2. What is meant by the term "a debt dischargeable in bankruptcy?"

This means subject to discharge under the Bankruptcy Code.
Generally, a Title IV student loan or grant overpayment is NOT
dischargeable unless the loan has been in repayment or the
overpayment has been outstanding for at least 7 years, excluding any
periods during which repayment has been suspended (for example,
periods of forbearance or deferment), or the bankruptcy court
determines that repayment of the debt would constitute an undue
hardship to the debtor and his or her dependents.
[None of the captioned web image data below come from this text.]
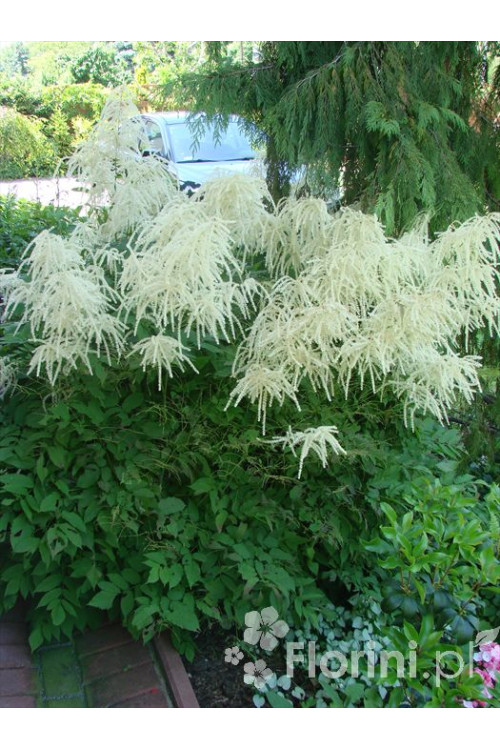 Parzydło leśne 'Zweiweltenkind' Aruncus sinensis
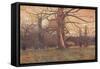 'Study of an Oak Tree', c1878 (1903-1904)-George Wilson-Framed Stretched Canvas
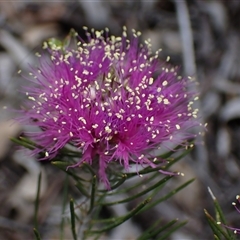 Melaleuca sp. at Hovea, WA - 4 Nov 2024 by AnneG1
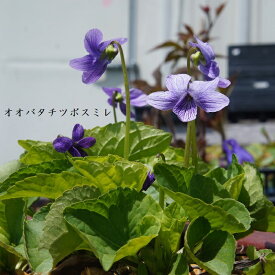 楽天市場 スミレ 苗の通販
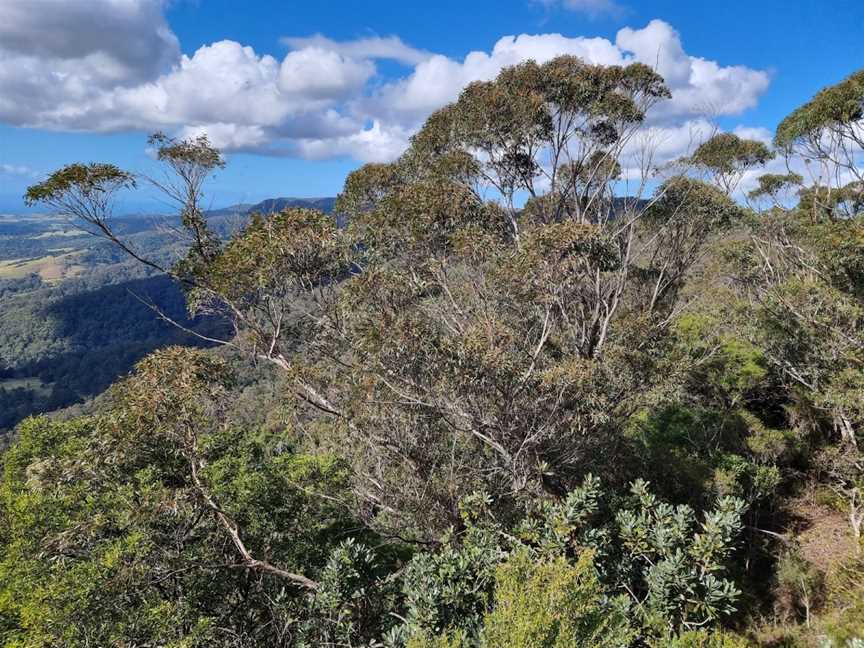 Jamberoo lookout, Budderoo, NSW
Except when determining eligibility for a PLUS loan (see
question #7), the dischargeability status of a non-Title IV debt
included in a Title IV applicant's bankruptcy petition is ordinarily
not of concern to a Title IV school, lender, or guaranty agency.
However, the dischargeability of a Title IV debt, if it is a defaulted
loan or a grant overpayment, is very important when determining
the applicant's eligibility for additional Title IV aid (see
question #1).

An individual seeking additional Title IV assistance who
lists a defaulted Title IV loan or grant overpayment on his
or her bankruptcy schedule, must obtain a written statement
from the holder of the debt that states that the specific debt
is dischargeable in bankruptcy because the debt has been in
repayment for at least 7 years (excluding any periods
during which repayment has been suspended) or, in cases
where the debt has not been in repayment for at least
7 years, that the applicant's hardship petition has been
approved by the bankruptcy court. Title IV participants
should rely upon information from the holder of the loan or
grant overpayment claim, because the holder of the loan or
grant overpayment claim is the party most likely to have
reliable, authoritative records concerning either the
duration of the repayment period or the possibility that a
ruling was issued on undue hardship.

3. May a school, lender, or guaranty agency consider an applicant
ineligible for a Title IV loan or grant because of an unpaid grant
overpayment or a loan default status that existed prior to the
applicant's bankruptcy filing with respect to a debt that was
discharged or is dischargeable in that bankruptcy proceeding? Is
the result different if the debt is non-dischargeable?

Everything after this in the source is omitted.